Thursday, April 29, 2010

 

Rain at last!

Just when I was scraping the bottom of the water barrels it has finally rained. Phew. the lettuces are just starting to take so this will be a blessing for them.
Last night I was off work early so I went down with Smallest One and we pottered. Yeah, for an hour and a half! I hadn't seen the time go by! we were all running round like chooks with their heads off after that. Still, it was a very productive time - I earthed up the potatoes, harvested our first radishes (small but tasty, I will pick others after the rain), Then went around with the hand trowel and had a good attack at the bindweed which has come up just this last week and is already rip-roaring through the place. I have found this is as good a method as any to get it out. I have a bucket beside me and I just dig down with the trowel then pull out as much of the root as I can. It will come back but this will hinder it at least.
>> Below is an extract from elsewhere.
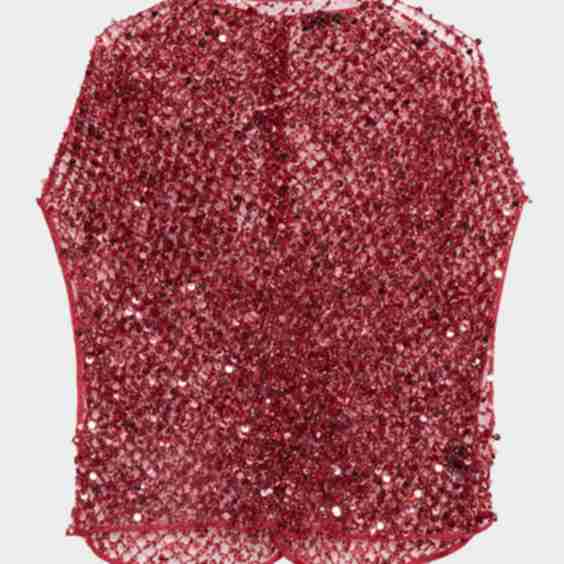 Net Mesh Sequin Cape T-Shirt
I did that through the potatoes, down the sides, through the strawberries (where I got visiously stabbed with a gooseberry spine from a dead branch on the ground) and through the herbs and flowers. They are looking really nice just now. My little flower "wild" bed has a rose bush, a lavender bush, daffodils, honeywort, Californian poppies, a lemon balm (which I am trying to tame), and later usually pop up cornflowers, marigolds and various self seeded things :-)
So small periods of time well spent can be more productive than whole days slogging in the mud!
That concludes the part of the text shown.